Last December, I made the decision to leave that company. There were many reasons, not the least of which was I wasn’t happy with the way the company was being managed. Concerns raised by staff, including myself, who had been at the company for years were ignored by newly hired “senior staff.” Micromanagement, mismanagement and favoritism ran rampant. And secret decisions made by the “senior staff” lowered the collective morale of the employees — including decisions to hire people for “senior” positions that just happened to be in their “social circles.”
But one comment from a superior struck me: He said that if I wanted to advance at the company, I was going to have to “toot my own horn” because no one was going to toot it for me. And that was absolutely true at that company. Now, this may seem like a typical corporate saying, but around that time I was really focused on humility with regards to my faith. How was I supposed to focus on “tooting my own horn” at work when I was trying to become more humble in life in general?
Not to mention that kind of mentality leads to a highly competitive work environment — in a not-so-good way.
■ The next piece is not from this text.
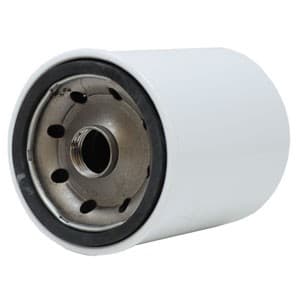 LVA16054 - Hydraulic Filter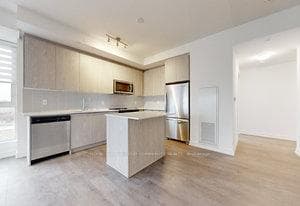 55 Duke Street Unit 708 photo 4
Instead of focusing on the clients and teamwork, we were individually focused on showing off what I did or could do.
I’ve mentioned before that since we began attending Destiny Worship Center, I’ve been more focused on putting into practice religious principles in my whole life — not just on Sundays at church. It must have been a combination of the pastor’s ability to make the bible relate to life today and my disillusionment with the company I was working for that made me open my ears and hear that God was telling me it was time to move on.
During his sermon this past Sunday, the pastor made a statement that reinforced that I made the right decision. He said that during the VP debate last week, both candidates were Catholic but only one said that he could not separate his religion from his politics. Pastor said that you can’t — and shouldn’t — separate your religion from your entire life. We can’t live a life focused on Jesus, but conform to worldly ideas like “toot your own horn to get ahead.” We are supposed to be in the world, but not of the world — and important distinction.
Do not conform to the pattern of this world, but be transformed by the renewing of your mind. Then you will be able to test and approve what God’s will is—his good, pleasing and perfect will. — Romans 12:2
It is a big test of faith to make the decision to ignore the supposed tenets of the corporate world and follow God’s instruction. Now, it’s not as big as packing up and moving across the world to do missions, but as this post so eloquently stated, we need boring Christians, too. Nevertheless, as I’ve learned, the yield is great.
The job I have now gives me more autonomy (and more responsibility), and it allows me to have a greater impact than before. But what’s more, I am able to do things outside of work — like lead a small group, teach dance classes and perform with the local college — without worrying about getting an urgent email at 8:00 PM. I have more time for family and friends, less stress, and less anger and frustration that used to take away from my focus on my faith.
Today’s announcement that my old company is closing is just one more proof point that I made the right decision last December. But while it isn’t a surprise, it is discouraging. I learned a lot when I worked there, and I work and built relationships with some great people. I hope and pray that the people affected by the closing of my old company land on their feet, and that they seek God’s direction for their lives. I also hope that the “senior staff” who refused to listen to me and the other employees when we raised issues and concerns will learn from their mistakes and use those experiences to positively impact the next place they go.